• Available data:

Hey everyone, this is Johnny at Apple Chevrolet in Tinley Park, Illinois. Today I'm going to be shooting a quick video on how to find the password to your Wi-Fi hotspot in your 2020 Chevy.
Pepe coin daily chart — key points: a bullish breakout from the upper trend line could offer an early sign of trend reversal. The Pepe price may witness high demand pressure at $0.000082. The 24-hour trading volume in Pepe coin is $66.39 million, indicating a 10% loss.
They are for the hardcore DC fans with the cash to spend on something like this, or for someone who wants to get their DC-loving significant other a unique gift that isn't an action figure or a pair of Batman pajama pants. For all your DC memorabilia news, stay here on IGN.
--
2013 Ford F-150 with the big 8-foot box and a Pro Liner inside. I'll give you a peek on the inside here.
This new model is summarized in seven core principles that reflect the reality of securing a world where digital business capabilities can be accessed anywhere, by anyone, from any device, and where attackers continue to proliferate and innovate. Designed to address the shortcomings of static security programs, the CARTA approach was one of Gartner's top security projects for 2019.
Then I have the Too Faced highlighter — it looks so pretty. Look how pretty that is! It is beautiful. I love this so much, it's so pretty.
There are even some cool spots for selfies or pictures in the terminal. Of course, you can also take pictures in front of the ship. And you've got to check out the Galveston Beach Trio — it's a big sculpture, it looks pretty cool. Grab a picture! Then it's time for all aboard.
...
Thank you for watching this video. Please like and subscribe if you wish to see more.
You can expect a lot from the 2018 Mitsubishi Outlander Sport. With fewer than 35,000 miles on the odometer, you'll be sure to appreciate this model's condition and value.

• What you should do: Every line from the line containing "Then I have" through the line containing "There are even" in the records above must be retyped exactly. Leave out the rest.

• Solution for this task:
Then I have the Too Faced highlighter — it looks so pretty. Look how pretty that is! It is beautiful. I love this so much, it's so pretty.
There are even some cool spots for selfies or pictures in the terminal. Of course, you can also take pictures in front of the ship. And you've got to check out the Galveston Beach Trio — it's a big sculpture, it looks pretty cool. Grab a picture! Then it's time for all aboard.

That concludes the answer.